§ Description of the task
Below this line are records; transcribe exactly the lines between the one holding "Vintage Middle-Eastern Ring, Size" and the one holding "1006 S Schumaker Drive photo 4", inclusive, and omit the pictures.

§ The data
-------

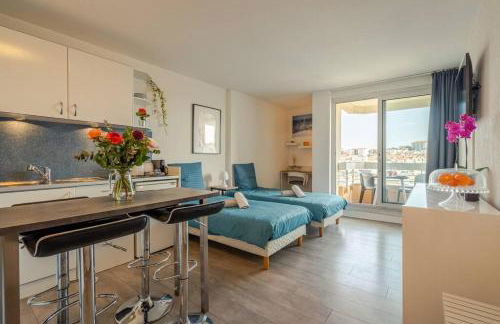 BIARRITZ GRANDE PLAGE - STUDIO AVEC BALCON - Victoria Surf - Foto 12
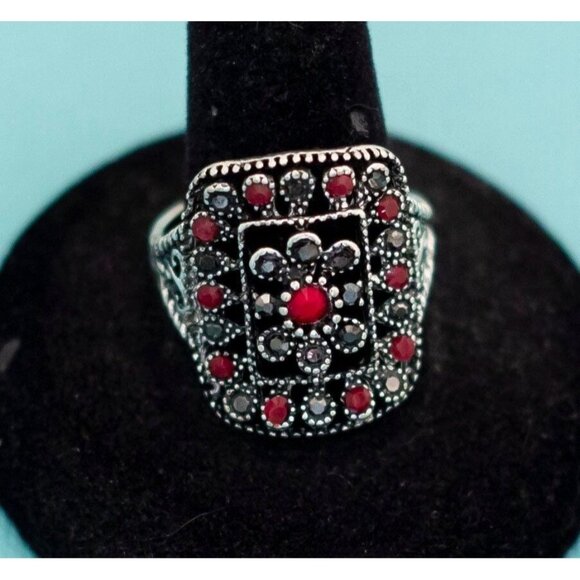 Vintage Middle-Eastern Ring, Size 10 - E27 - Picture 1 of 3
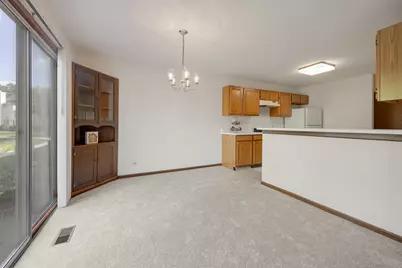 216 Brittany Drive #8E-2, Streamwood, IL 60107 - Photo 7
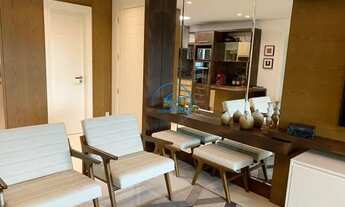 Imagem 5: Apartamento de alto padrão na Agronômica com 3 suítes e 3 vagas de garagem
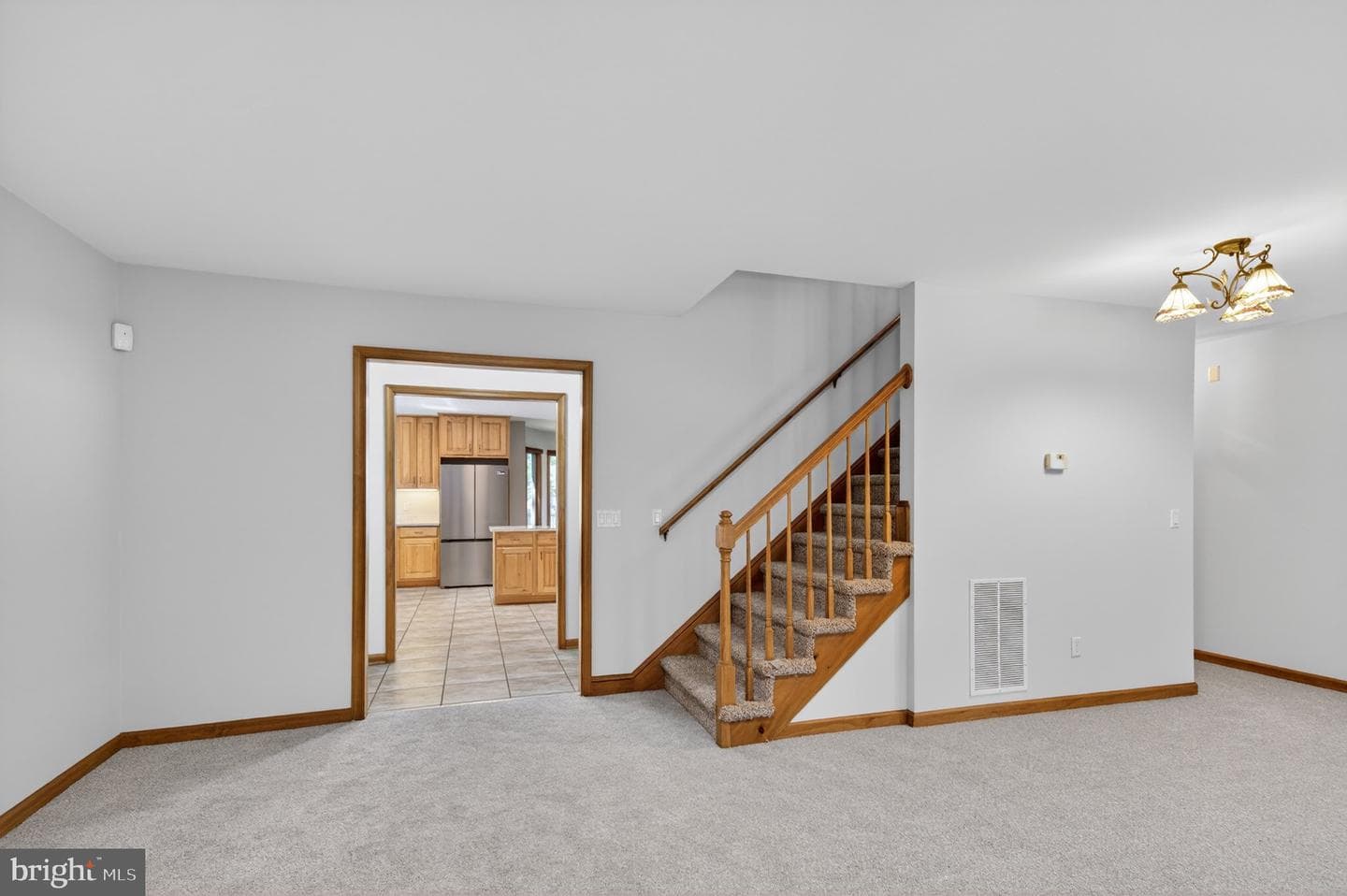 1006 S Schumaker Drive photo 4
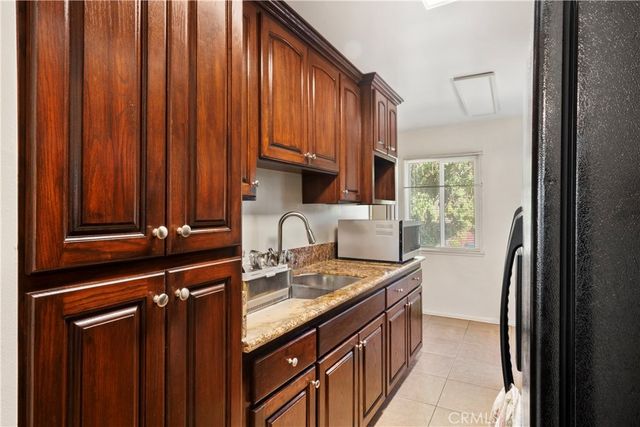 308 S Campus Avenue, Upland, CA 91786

-------

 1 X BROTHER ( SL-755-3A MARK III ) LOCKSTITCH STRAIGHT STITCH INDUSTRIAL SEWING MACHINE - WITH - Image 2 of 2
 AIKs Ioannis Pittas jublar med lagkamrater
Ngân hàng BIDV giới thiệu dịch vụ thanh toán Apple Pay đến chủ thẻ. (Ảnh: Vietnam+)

-------

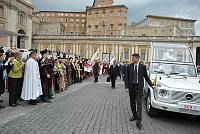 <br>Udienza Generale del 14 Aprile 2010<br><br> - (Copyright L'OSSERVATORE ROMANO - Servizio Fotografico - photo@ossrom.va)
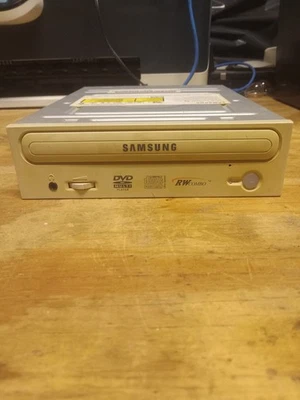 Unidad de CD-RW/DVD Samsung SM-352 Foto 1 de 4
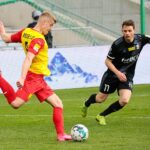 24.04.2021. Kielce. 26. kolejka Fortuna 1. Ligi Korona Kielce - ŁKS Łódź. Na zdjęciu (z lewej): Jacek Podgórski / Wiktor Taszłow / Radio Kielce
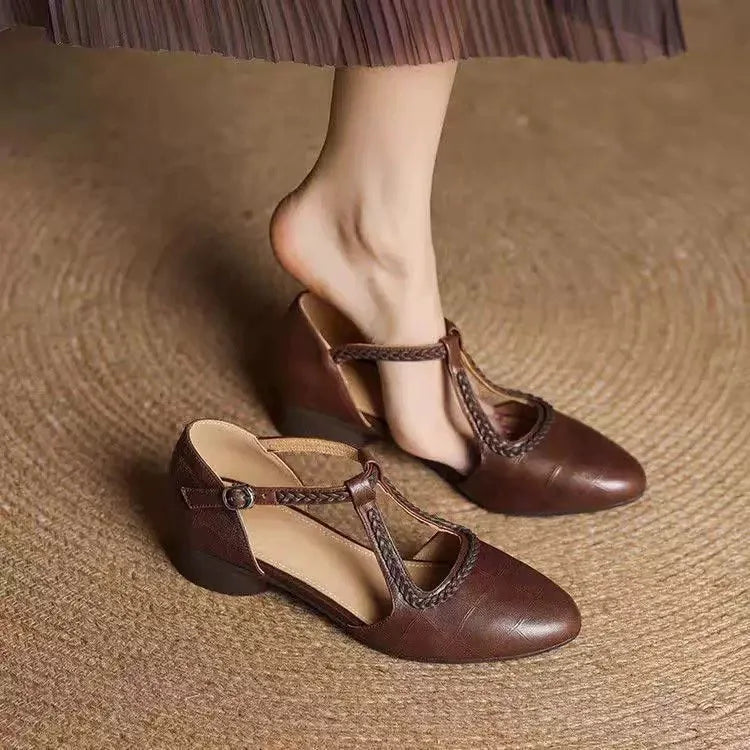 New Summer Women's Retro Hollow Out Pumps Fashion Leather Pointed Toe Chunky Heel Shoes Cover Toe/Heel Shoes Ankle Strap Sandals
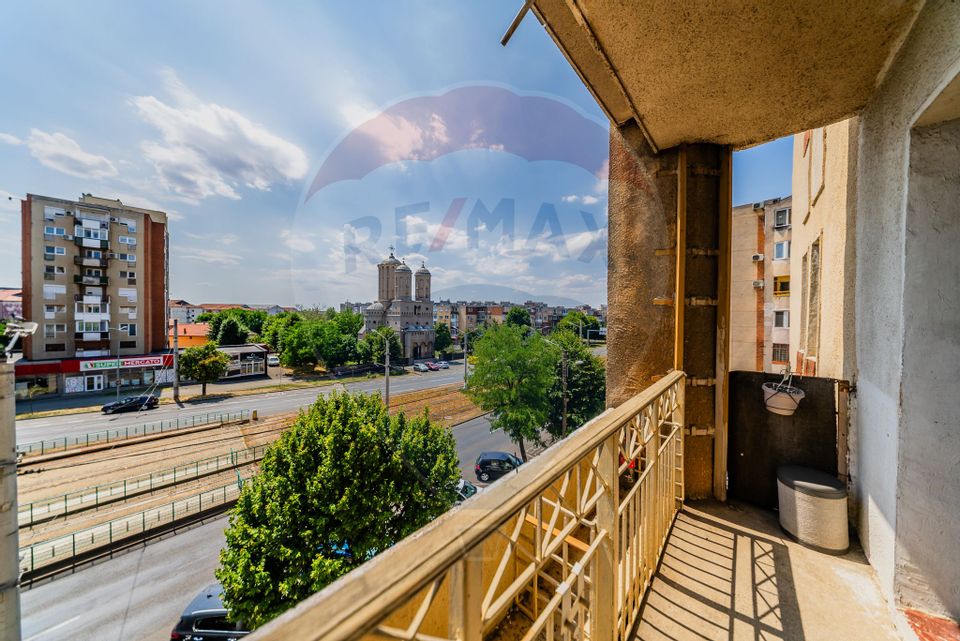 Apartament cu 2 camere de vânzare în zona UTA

-------

§ Worked solution
 Vintage Middle-Eastern Ring, Size 10 - E27 - Picture 1 of 3
 216 Brittany Drive #8E-2, Streamwood, IL 60107 - Photo 7
 Imagem 5: Apartamento de alto padrão na Agronômica com 3 suítes e 3 vagas de garagem
 1006 S Schumaker Drive photo 4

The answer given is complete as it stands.